NRW betreibe bereits das längste Wasserstoffnetz und den größten Elektrolyseur Deutschlands. Die politischen Weichen seien mit der Energieversorgungsstrategie und dem Prozess der „H2Roadmap“ gestellt.
Dabei steht in NRW nicht die Produktion des Gases im Mittelpunkt, sondern konkrete Anwendungen, Produktion und der Export von Wasserstofftechnik. Das ist folgerichtig, stammt doch laut Aussagen von Bundesforschungsministerin Anja Karliczek schon heute jeder fünfte Elektrolyseur aus Deutschland.

Das vollständig ausgebaute Transport- und Verteilnetz für Gas wird aber kaum thematisiert. Dabei ist für den Wärmesektor weitgehend anerkannt, dass darin ein wesentlicher Vorteil liegen könnte, würden die Netze schrittweise für Wasserstoff aufgerüstet.

Power2Metal

Im Forschungsprojekt „Power2Metal“ will Gelsenwasswer gemeinsam mit der Voigt & Schweitzer GmbH, der Kueppers Solutions GmbH und der Westfälischen Hochschule herauszufinden, ob und wie Wasserstoff Erdgas als Brennstoff ganz oder zum Teil bei der Metallveredelung ablösen könnte.

Wo wird Wasserstoff erzeugt?

Aber wo werden die nötigen großen Mengen von H2 überhaupt erzeugt? Verkehr, Stahl und Chemie werden sicheren Zugang zu großen Mengen erwarten, bevor sie Milliarden in die technische Umrüstung investieren, so die Sprecher der Fraktionen CDU und FDP.
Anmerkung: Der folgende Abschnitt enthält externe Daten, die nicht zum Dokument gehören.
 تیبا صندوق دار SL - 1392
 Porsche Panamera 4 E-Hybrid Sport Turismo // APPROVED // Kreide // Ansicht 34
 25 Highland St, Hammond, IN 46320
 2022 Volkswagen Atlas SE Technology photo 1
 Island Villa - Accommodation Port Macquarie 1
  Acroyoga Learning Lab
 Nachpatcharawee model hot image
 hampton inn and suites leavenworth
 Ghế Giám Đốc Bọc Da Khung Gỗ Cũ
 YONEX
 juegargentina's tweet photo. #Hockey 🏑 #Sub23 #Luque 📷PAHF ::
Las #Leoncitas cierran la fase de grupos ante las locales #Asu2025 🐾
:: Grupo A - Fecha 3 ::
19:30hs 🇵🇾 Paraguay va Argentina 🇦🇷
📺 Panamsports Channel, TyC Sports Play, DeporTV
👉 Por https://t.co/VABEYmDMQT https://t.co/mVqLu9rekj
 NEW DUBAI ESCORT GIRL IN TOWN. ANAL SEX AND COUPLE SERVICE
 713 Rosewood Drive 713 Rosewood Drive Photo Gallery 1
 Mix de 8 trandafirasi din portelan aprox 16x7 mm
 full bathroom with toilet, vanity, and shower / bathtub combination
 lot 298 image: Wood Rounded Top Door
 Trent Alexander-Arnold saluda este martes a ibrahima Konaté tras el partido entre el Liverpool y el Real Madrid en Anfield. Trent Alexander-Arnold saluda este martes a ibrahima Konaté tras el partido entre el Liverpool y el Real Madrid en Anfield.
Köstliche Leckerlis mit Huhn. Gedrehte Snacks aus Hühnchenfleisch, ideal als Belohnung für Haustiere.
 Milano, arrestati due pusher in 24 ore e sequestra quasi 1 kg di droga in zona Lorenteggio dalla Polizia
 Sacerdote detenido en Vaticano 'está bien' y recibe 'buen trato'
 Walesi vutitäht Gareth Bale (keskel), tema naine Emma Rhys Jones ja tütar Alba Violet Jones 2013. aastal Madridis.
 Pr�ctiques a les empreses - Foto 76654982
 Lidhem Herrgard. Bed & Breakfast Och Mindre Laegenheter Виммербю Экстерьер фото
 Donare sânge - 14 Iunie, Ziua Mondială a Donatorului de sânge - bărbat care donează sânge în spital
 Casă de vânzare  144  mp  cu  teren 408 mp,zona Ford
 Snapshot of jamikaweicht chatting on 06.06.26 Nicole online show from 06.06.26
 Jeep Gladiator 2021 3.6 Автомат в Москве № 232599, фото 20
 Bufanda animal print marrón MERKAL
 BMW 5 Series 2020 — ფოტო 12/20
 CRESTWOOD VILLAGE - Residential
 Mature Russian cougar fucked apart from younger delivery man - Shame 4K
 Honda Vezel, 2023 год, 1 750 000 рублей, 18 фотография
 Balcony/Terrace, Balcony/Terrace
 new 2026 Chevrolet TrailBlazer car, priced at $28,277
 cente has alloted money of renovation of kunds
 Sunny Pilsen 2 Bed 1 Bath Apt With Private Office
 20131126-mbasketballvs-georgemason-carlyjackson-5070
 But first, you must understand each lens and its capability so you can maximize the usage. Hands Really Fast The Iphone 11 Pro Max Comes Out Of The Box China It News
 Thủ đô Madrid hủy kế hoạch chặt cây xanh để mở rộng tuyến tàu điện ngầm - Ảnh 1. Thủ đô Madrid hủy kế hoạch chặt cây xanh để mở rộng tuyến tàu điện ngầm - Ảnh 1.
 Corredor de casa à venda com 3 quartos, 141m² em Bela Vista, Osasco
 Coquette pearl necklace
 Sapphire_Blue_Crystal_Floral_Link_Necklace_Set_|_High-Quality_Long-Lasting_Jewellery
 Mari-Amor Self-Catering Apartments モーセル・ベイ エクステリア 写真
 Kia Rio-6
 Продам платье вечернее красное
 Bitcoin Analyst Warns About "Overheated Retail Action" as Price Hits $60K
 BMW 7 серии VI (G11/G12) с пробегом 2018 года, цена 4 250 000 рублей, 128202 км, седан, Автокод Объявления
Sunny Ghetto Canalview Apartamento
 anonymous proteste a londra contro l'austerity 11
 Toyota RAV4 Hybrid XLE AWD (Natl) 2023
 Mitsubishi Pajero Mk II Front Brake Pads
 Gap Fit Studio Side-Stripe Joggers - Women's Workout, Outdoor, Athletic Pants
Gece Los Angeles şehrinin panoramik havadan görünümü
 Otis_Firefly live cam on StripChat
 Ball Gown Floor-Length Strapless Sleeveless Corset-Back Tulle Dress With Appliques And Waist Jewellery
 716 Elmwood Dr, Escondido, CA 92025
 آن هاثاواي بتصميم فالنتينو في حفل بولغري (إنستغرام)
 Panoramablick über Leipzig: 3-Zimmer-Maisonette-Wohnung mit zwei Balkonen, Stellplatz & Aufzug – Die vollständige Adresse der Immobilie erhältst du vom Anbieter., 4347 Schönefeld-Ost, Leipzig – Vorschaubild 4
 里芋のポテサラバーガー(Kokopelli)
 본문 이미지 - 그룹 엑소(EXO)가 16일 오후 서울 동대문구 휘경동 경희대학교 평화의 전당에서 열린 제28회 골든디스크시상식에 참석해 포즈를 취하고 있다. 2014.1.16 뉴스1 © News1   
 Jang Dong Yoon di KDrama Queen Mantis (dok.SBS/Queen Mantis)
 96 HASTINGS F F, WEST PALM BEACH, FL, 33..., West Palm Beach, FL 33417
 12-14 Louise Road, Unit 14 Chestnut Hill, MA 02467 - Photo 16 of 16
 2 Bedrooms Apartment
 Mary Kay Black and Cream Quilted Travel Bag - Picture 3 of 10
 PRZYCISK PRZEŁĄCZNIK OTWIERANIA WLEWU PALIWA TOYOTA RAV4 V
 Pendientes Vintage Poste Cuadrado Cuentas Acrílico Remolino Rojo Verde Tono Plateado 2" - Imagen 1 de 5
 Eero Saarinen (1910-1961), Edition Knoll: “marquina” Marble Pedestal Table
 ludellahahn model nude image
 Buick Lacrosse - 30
Unstrittig existiert ein Henne-Ei-Problem: Ohne Mengen keine Anwendungen – und umgekehrt.

Die Fläche Deutschlands könnte zu klein sein. Denn allein der Energiebedarf für Stahl, Chemie und Mobilität läge mit gut 700 Terawatt über unserer jetzigen Stromproduktion von etwa 600 Terawatt. Die Wärme ist hier noch gar nicht betrachtet. Laut Bundeswirtschaftsministerium und auch der EU-Kommission kann Wasserstoff in Nordafrika erzeugt werden – hierzu brauche es aber sichernde Abkommen auf EU-Ebene. Daher sind CDU und FDP der Auffassung, man müsse zunächst auf „blauen Wasserstoff“ aus Erdgas als Brücke zurückgreifen.

Bei der Farbenlehre scheiden sich die Geister

Und hier gehen die Meinungen auseinander. „Grauer Wasserstoff“ wird zumindest mittelfristig von fast allen Fraktionen als wenig klimaschonend abgelehnt. Auch die Effizienz der Erzeugung lässt hierbei zu wünschen übrig. Grüner Wasserstoff aus Überschussstrom ist dagegen als “Idealzustand” überall willkommen.
Streitig ist der Umgang mit „türkisem Wasserstoff“, bei dem im Pyrolyse-Verfahren Kohlenstoff erzeugt wird,  und blauem Wasserstoff, bei dem CO2 in der Erde eingelagert wird. Diese „CCS“ genannte Technik wird von der Bevölkerung wenig akzeptiert.
Die Opposition ist im Gegensatz zu den Regierungsparteien in Land und Bund bei beiden Lösungen skeptisch. Sie bedeuteten eine Verlängerung der Fossilen. Die Grünen sehen gar ein „Wohlfühl-Thema für gestresste Kohleausstiegspolitiker“, mit dem von der vermuteten Ablehnung der Erneuerbaren abgelenkt werden soll.

Minister Pinkwart

Prof. Dr. Andreas Pinkwart ist Minister für Wirtschaft, Innovation, Digitalisierung und Energie in NRW..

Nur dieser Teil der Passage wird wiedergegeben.